女性が殺される事件そのものは減っており、犠牲者の数は、昨年同期の119人が97人にと、18%減った。
だが、現在または元の夫や恋人、愛人に殺された「女性殺人」の犠牲者は21人から37人に増え、殺された女性に対する女性殺人の犠牲者の割合は、17・5%が38%に跳ね上がった。
女性殺人の8割は女性の自宅で起きており、37件中26件は、犯人の身元が割れている。
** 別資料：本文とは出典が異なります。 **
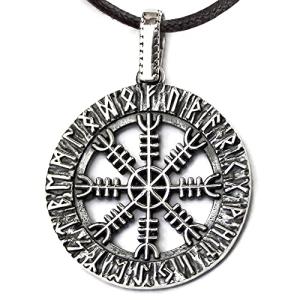 Viking Shield Helm of Awe Sterling Silver Necklace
ただし、犯人が逮捕されたのは19件のみだ。
ブラジル治安フォーラムの理事によると、女性殺人が区別されるようになってから数年経っており、第1四半期の女性殺人増加は、統計上の増加ではなく、事件数の増加ととるべきだという。
また、女性殺人は家庭内暴力などに引き続いて起きる例も多く、罵詈雑言を浴びせられたり暴行を受けたりした女性が、女性警察署などに訴えるのを止めると、その後の暴力はなおさらひどくなる傾向があるという。
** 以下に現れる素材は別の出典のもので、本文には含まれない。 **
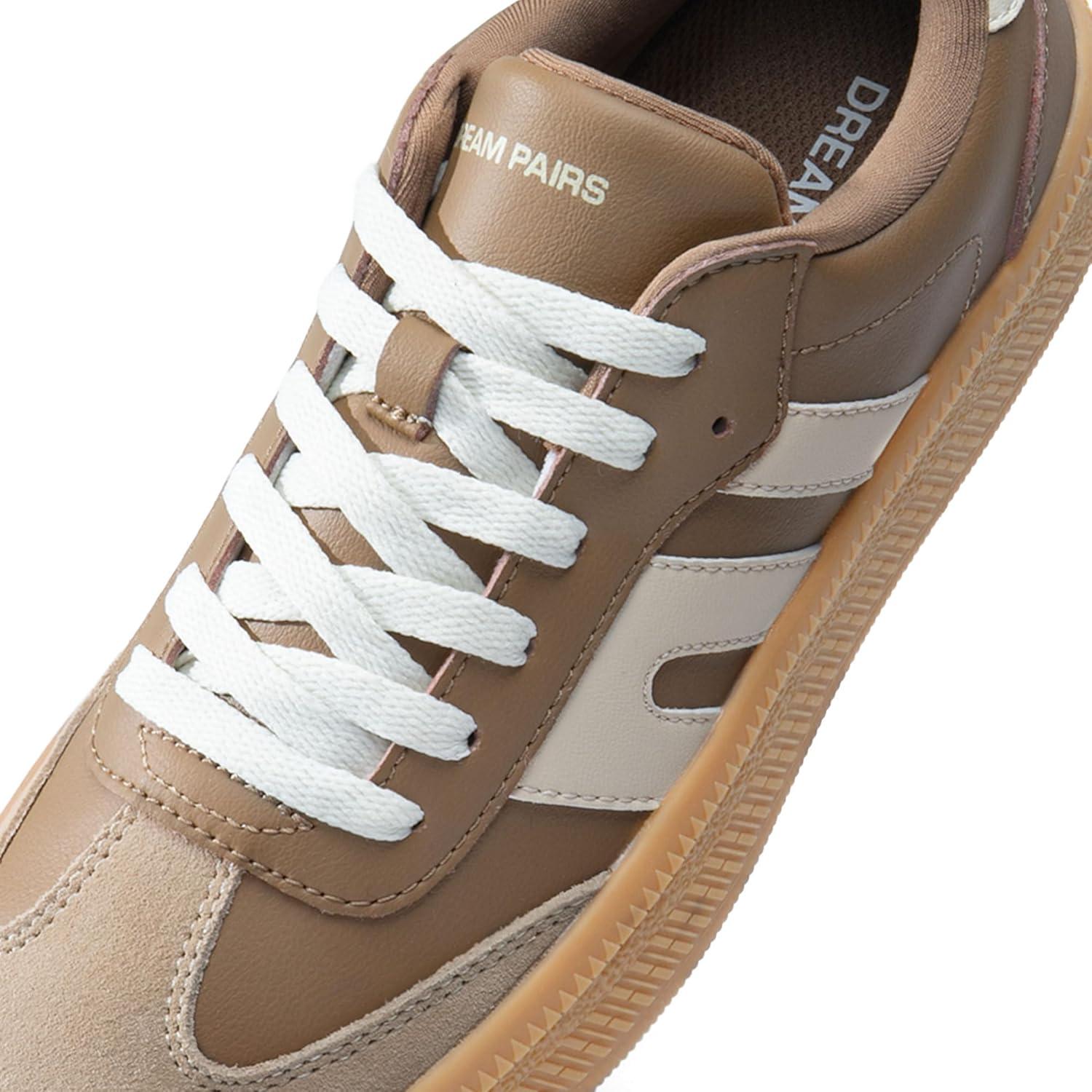 imageDREAM PAIRS Womens Tennis Sneakers Walking Casual LaceUp Footwear Comfortable Fashion Sneakers ShoesBrown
サンパウロ州での女性殺人被害者は、2017年が232人、18年が393人で69%増えているが、第1四半期の数字だけを見ると、今年も増加傾向が続きそうだ。
同州での第1四半期の犯罪は、殺人が766件から712件へと7%減り、強盗殺人も66件が38件にと42%減っている。また、強姦は3218件が3044件に5%減、窃盗も6万7755件が6万2373件に7・9%減っている。
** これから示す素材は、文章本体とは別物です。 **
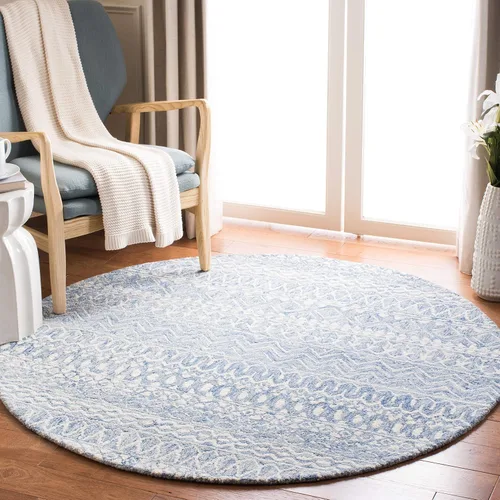 Vista 13 de SAFAVIEH Micro-Loop Collection - Alfombra decorativa de 2 x 3 pies, color aguamarina y marfil, hecha a mano de lana tribal marroquí bohemia, ideal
家庭内暴力などを扱う女性専門警察署の内、24時間対応の署は9署増えて10カ所になった。ドリア政権では24時間対応の署を更に30増やす意向だ。時間限定の署も含めた女性専門警察署は、サンパウロ市9署、サンパウロ大都市圏16署、内陸部108署の計133カ署だ。
なお、サンパウロ市ではこの週末も、少なくとも2件の女性殺人が発生した。
1件は、38歳のダニエレ・デ・ジェズスさんが27日未明に39歳の元夫に殺されたもの。元夫はその後、警察に出頭し、犯罪を自供した。警察は、ヴィラ・マチウデ区の自宅で、ダニエレさんの絞殺体を見つけた。
この件では、ダニエレさんの自宅前で待っていて、ダニエレさんの私物を盗んで逃げた路上生活者も逮捕されたが、この男は、殺害への関与は否定している。
もう1件は、28日0時頃に市南部のパレリェイロスで発生。ラケリーネ・コレア・カヴァウカンテさん(41)の首には深い切り傷があり、傍らにはナイフと小槌が残されていた。28日午後逮捕された容疑者は、殺人罪・人身保護担当課に回された。
また、ペルース区で起きた殺人事件も、女性殺人の可能性があり、警察が捜査中だ。